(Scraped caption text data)
——————————
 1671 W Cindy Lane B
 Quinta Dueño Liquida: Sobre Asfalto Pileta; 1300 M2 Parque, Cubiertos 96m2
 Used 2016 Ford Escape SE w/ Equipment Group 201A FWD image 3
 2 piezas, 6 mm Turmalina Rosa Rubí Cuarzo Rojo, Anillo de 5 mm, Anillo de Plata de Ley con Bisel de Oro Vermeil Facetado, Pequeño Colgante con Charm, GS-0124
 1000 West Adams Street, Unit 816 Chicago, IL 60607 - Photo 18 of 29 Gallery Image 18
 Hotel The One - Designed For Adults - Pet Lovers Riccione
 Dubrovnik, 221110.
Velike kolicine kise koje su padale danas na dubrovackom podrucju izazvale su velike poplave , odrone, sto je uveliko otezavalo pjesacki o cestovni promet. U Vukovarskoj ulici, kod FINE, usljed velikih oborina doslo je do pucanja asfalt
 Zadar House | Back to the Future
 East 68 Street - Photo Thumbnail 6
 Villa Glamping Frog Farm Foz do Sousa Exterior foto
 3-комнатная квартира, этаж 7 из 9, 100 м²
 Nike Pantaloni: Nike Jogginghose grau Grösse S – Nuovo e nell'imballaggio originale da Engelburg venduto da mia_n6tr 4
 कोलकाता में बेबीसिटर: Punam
——————————
**WHAT THE TASK REQUIRES**
Going through the data, tally the lines containing "Street" and report only the result.

**YOUR SOLUTION**
2